Remix.run Logo
ndr 20 hours ago

I found it very lacking in how to do CD with no downtime.

It requires a particular dance if you ever want to add/delete a field and make sure both new-code and old-code work with both new-schema and old-schema.

The workaround I found was to run tests with new-schema+old-code in CI when I have schema changes, and then `makemigrations` before deploying new-code.

Are there better patterns beyond "oh you can just be careful"?

rorylaitila 19 hours ago | parent | next [-]

I simplify it this way. I don't delete fields or tables in migrations once an app is in production. Only manually clean them up after they are impossible to be used by any production version. I treat the database schema as-if it were "append only" - Only add new fields. This means you always "roll-forward", a database. Rollback migrations are 'not a thing' to me. I don't rename physical columns in production. If you need an old field and a new field to be running simultaneously that represent the same datum, a trigger keeps them in sync.

rtpg 3 hours ago | parent | prev | next [-]

Here's a checklist I wrote way back.

https://rtpg.co/2021/06/07/changes-checklist.html

I've been meaning to write an interactive version to sort of "prove" that you really can't do much better than this, at least in general cases.

tmarice 17 hours ago | parent | prev | next [-]

This is not specific to Django, but to any project using a database. Here's a list of a couple quite useful resources I used when we had to address this:

* https://github.com/tbicr/django-pg-zero-downtime-migrations

* https://docs.gitlab.com/development/migration_style_guide/

* https://pankrat.github.io/2015/django-migrations-without-dow...

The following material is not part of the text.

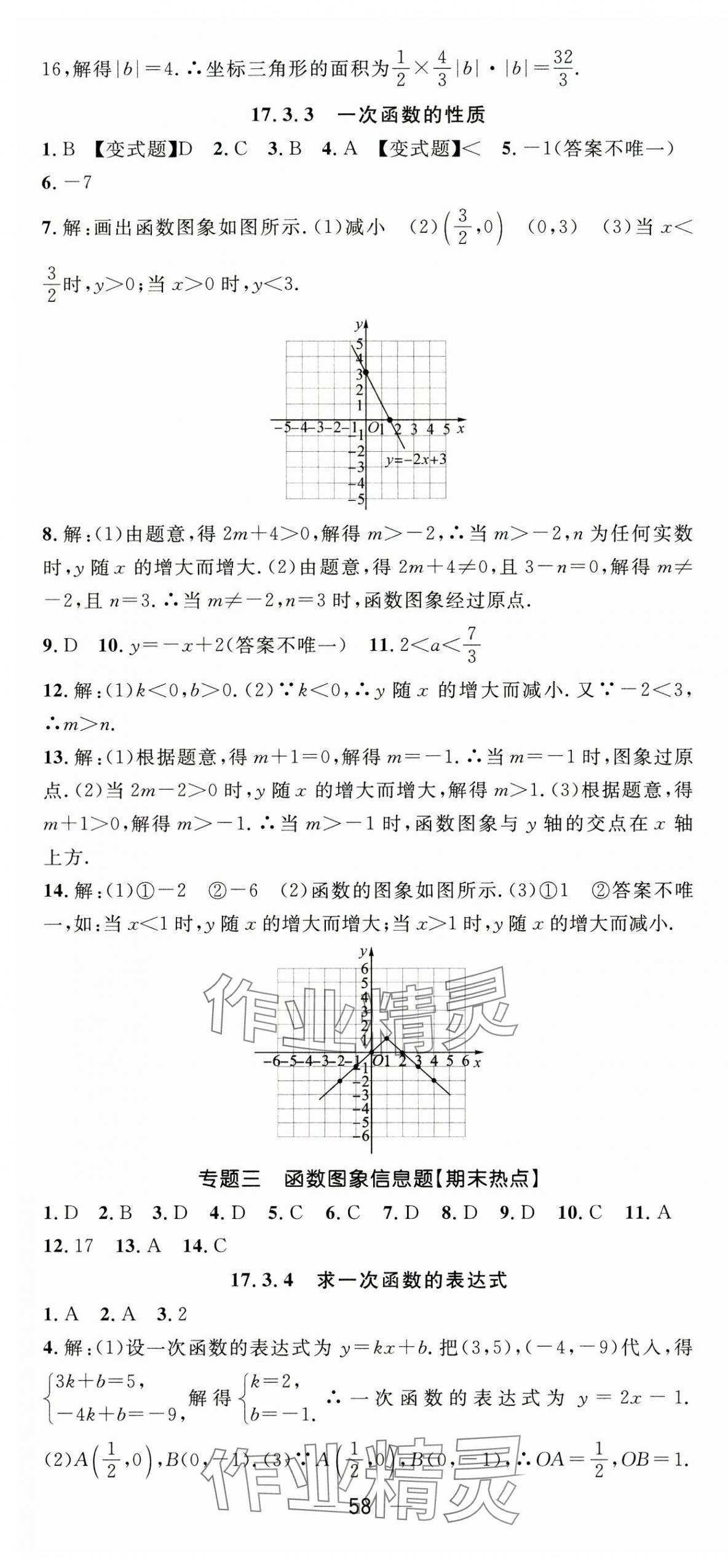 2025年名師測控八年級數(shù)學(xué)下冊華師大版 第10頁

* https://www.caktusgroup.com/blog/2021/05/25/django-migration...

* https://openedx.atlassian.net/wiki/spaces/AC/pages/23003228/...

Generally it's also advisable to set a statement timeout for migrations otherwise you can end up with unintended downtime -- ALTER TABLE operations very often require ACCESS EXCLUSIVE lock, and if you're migrating a table that already has an e.g. very long SELECT operation from a background task on it, all other SELECTs will queue up behind the migration and cause request timeouts.

There are some cases you can work around this limitation by manually composing operations that require less strict locks, but in our case, it was much simpler to just make sure all Celery workers were stopped during migrations.

senko 19 hours ago | parent | prev | next [-]

You can do three stage:

1. Make a schema migration that will work both with old and new code

2. Make a code change

3. Clean up schema migration

Example: deleting a field:

1. Schema migration to make the column optional

2. Remove the field in the code

3. Schema migration to remove the column

Yes, it's more complex than creating one schema migration, but that's the price you pay for zero-downtime. If you can relax that to "1s downtime midnight on sunday", you can keep things simpler. And if you do so many schema migrations you need such things often ... I would submit you're holding it wrong :)

ndr 18 hours ago | parent | next [-]

I'm doing all of these and None of it works out of the box.

Adding a field needs a default_db, otherwise old-code fails to `INSERT`. You need to audit all the `create`-like calls otherwise.

Deleting similarly will make old-code fail all `SELECT`s.

For deletion I need a special 3-step dance with managed=False for one deploy. And for all of these I need to run old-tests on new-schema to see if there's some usage any member of our team missed.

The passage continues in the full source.